This bumps the number of Fukushima residents diagnosed with thyroid cancer up to 152. Although many times higher than the national average, the thyroid cancer rates are “unlikely” to have been increased by the reactor accident, according to vice chair of Fukushima’s medical association Hokuto Hoshi.

“Those thyroid cases have been found because we conducted the survey, not because of the radiation,” concurred Akira Ohtsuru, a radiologist who examined many of the patients. “The survey has caused over-diagnosis.”

One of those suspected of having cancer is a 4-year-old boy who hadn’t even been conceived yet when his parents fled Fukushima.

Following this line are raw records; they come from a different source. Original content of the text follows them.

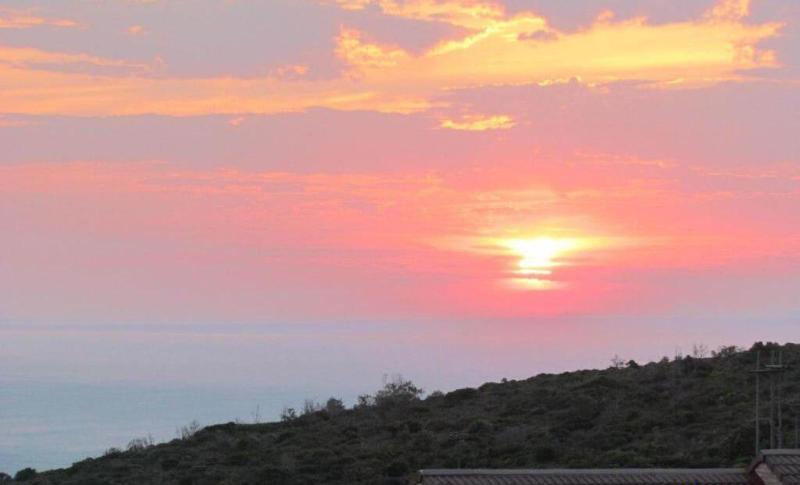 Blue Horizon Bay Guest House image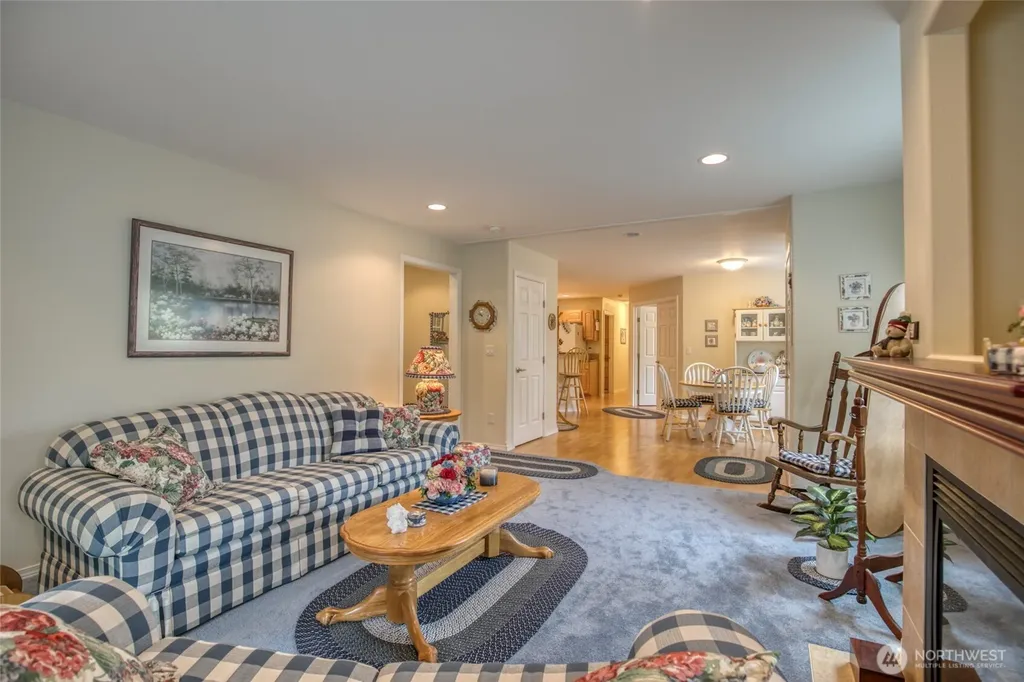 212 Brant Lane Hoquiam WA 98550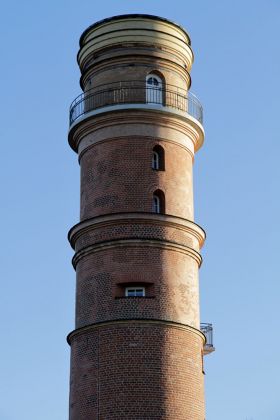 Alter Leuchtturm Travemünde an der Ostseeküste von Schleswig-Holstein - Höhe 31 Meter, ältester Leuchtturm Deutschlands, erste urkundliche Erwähnung im Jahre 1330 Alter Leuchtturm Travemünde an der Ostseeküste von Schleswig-Holstein - Höhe 31 Meter, ältester Leuchtturm Deutschlands, erste urkundliche Erwähnung im Jahre 1330
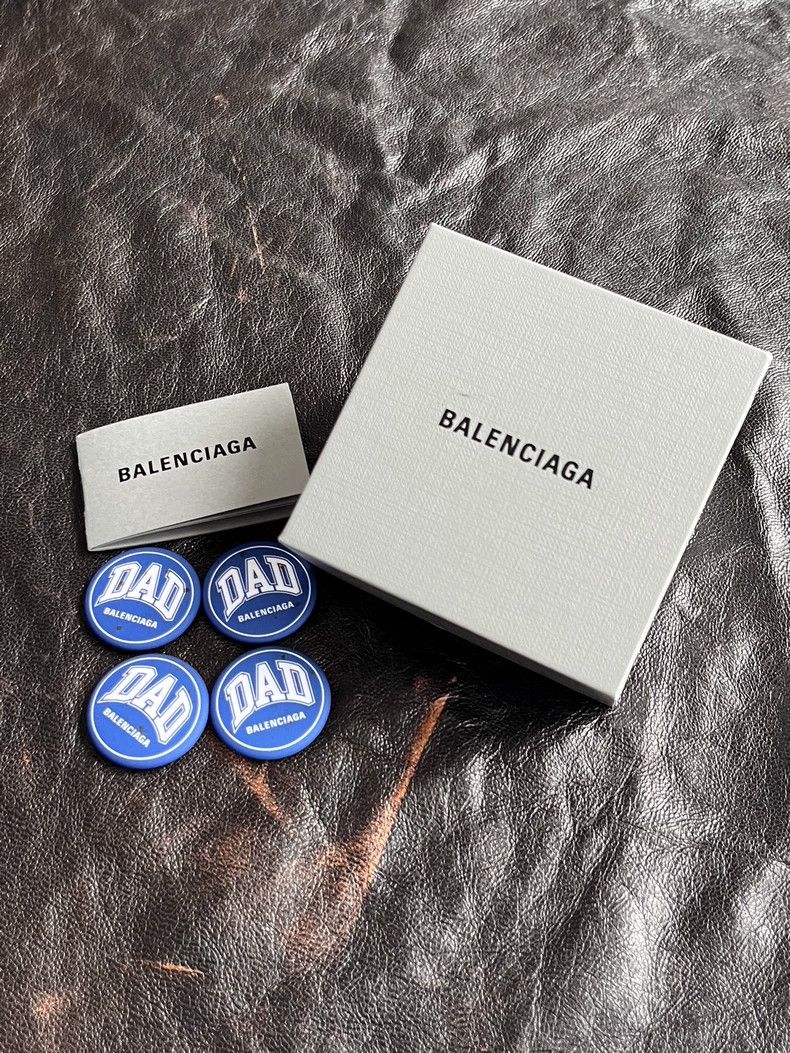 Balenciaga DAD letter badge clasp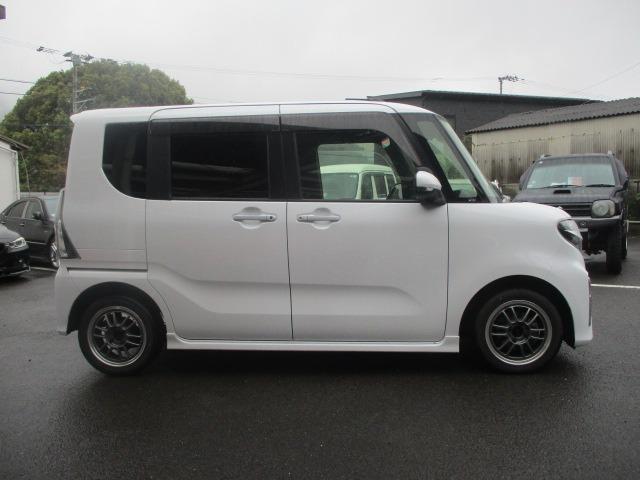 タント カスタムＲＳセレクション　両側電動スライドドア　衝突被害軽減ブレーキ　アイドリングストップ　車線逸脱警報装置　クルーズコントロール　パーキングソナー　社外８インチナビ　Ｂｌｕｅｔｏｏｔｈ　地デジＴＶ　バックカメラ　スマートキー（4枚目）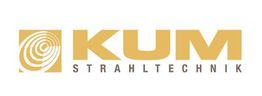 Logo mit goldener Aufschrift "KUM Strahltechnik" und einem spiralförmigen Symbol links.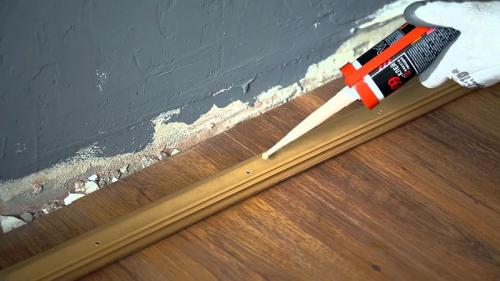 Клей для пластикового плинтуса. Плюсы и минусы плинтусов на клее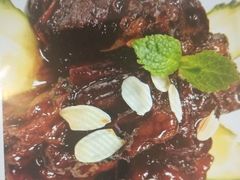 -河畔春天时尚餐厅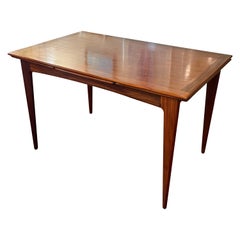 Une table de salle à manger à rallonge magnifiquement conçue par John Herbert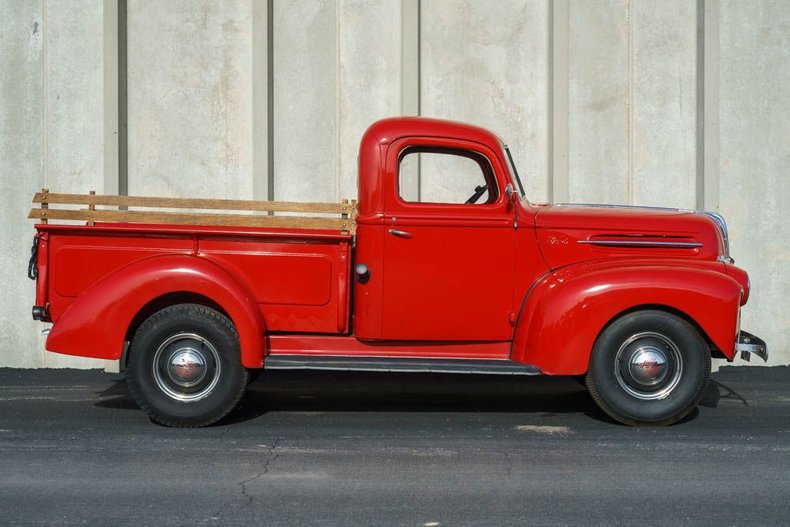 1947 Ford F1 26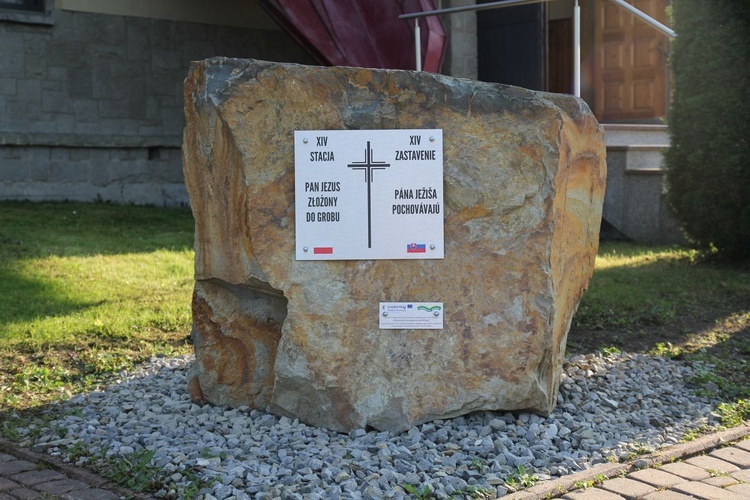 Ostatnia, 14. stacja transgranicznej Drogi Krzyżowej przy kościele w Zwardoniu.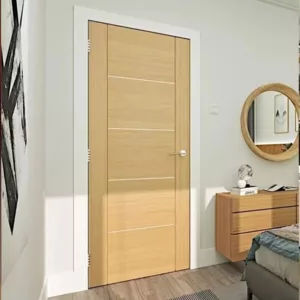 TRINVD00110 – Premium Lacquered Interior Door | High-Gloss Finish, Scratch-Resistant, Custom Size & Color, MDF/Plywood/Solid Wood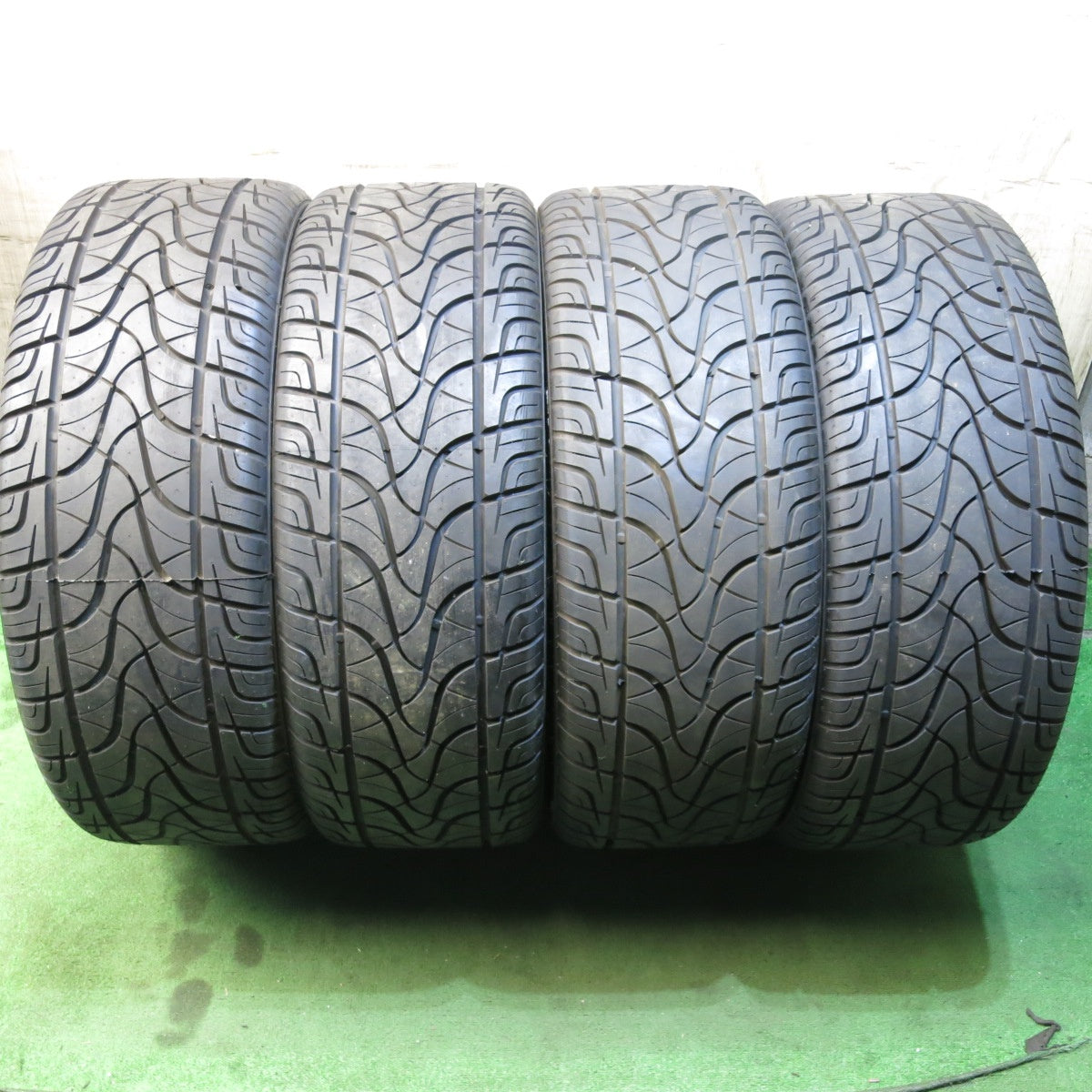 *送料無料* バリ溝！21年！ほぼ10分★BLADE ブレイド 295/30R26 フルラン HS299 PCD139.7/6H キャデラック エスカレード 等★4021602クノ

The prefectural government has been conducting thyroid checkups on evacuees every year since 2013.  The number of cases continuously rises every time they do so: five additional cases in 2014 and two additional ones in May 2015. This means more and more evacuees are metastasizing the illness.

Fukushima University researchers have also found that evacuees have markedly higher rates of diabetes, liver and heart disease and obesity than the national average.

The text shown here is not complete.